Provided data
>>>>

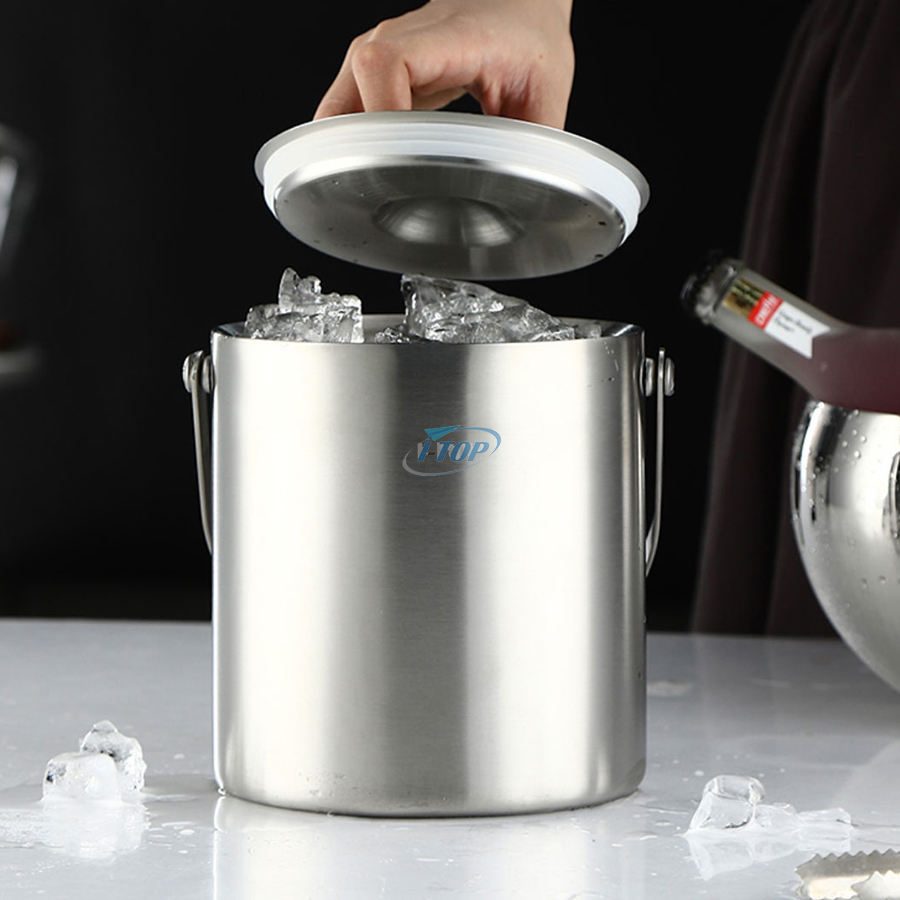 perfect gift 4L Silver Metal Bucket Wine Bucket Chiller Galvanized Ice Bucket with Double Walled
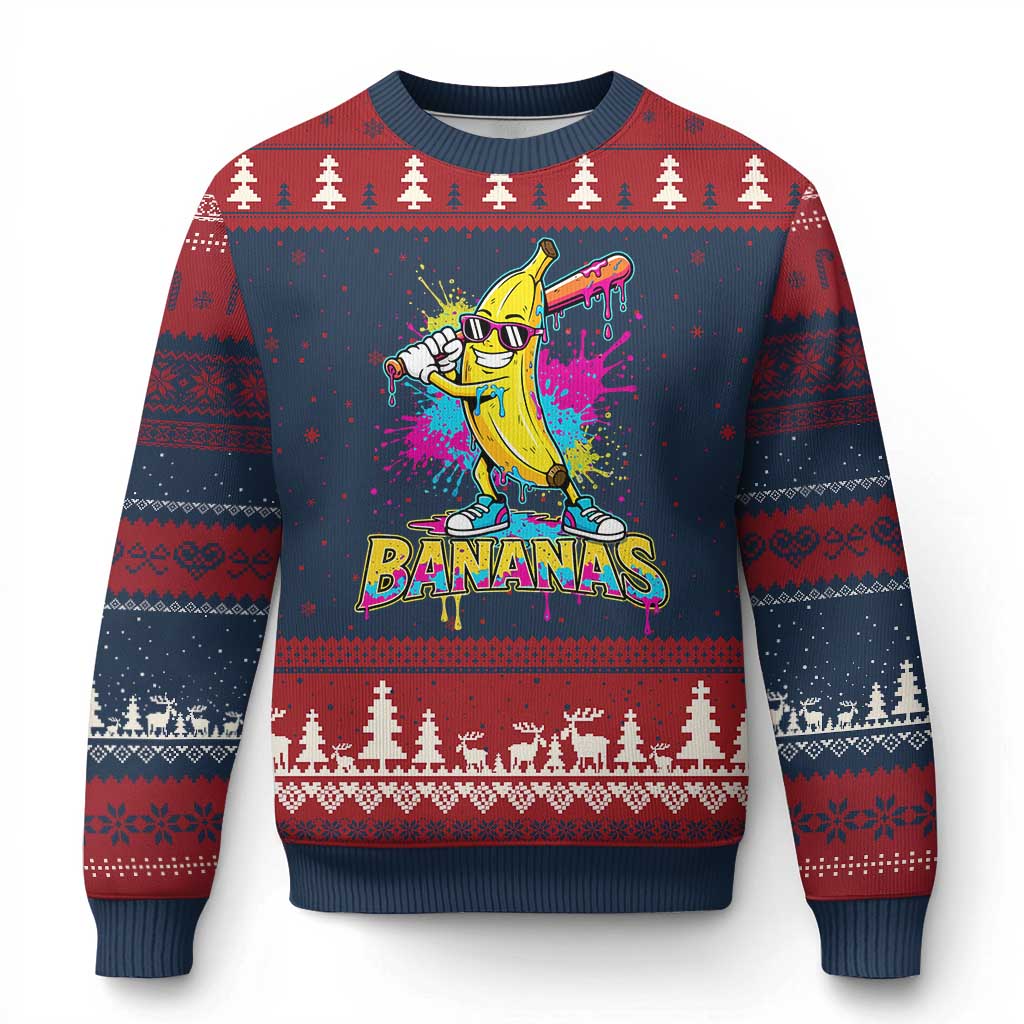 Funny Bananas Baseball Drip Ice Cream Sports Splatter Ugly Christmas Sweater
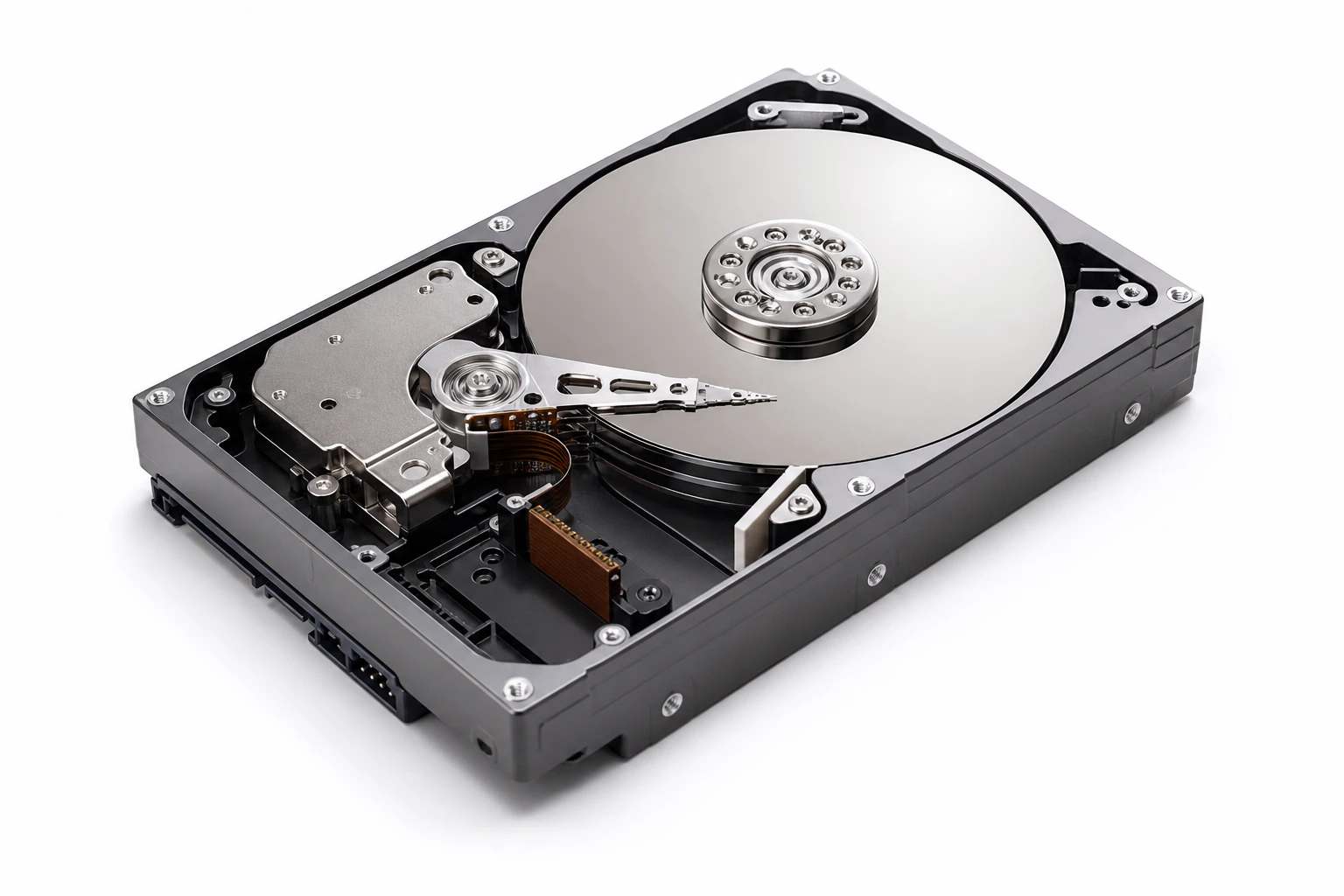 Ảnh ổ HDD enterprise 3.5 inch, thể hiện sự khác biệt về cấu trúc với SSD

<<<<

What you should do
Please write out the whole listing exactly, but not the pictures in it.

Task answer
 perfect gift 4L Silver Metal Bucket Wine Bucket Chiller Galvanized Ice Bucket with Double Walled
 Funny Bananas Baseball Drip Ice Cream Sports Splatter Ugly Christmas Sweater
 Ảnh ổ HDD enterprise 3.5 inch, thể hiện sự khác biệt về cấu trúc với SSD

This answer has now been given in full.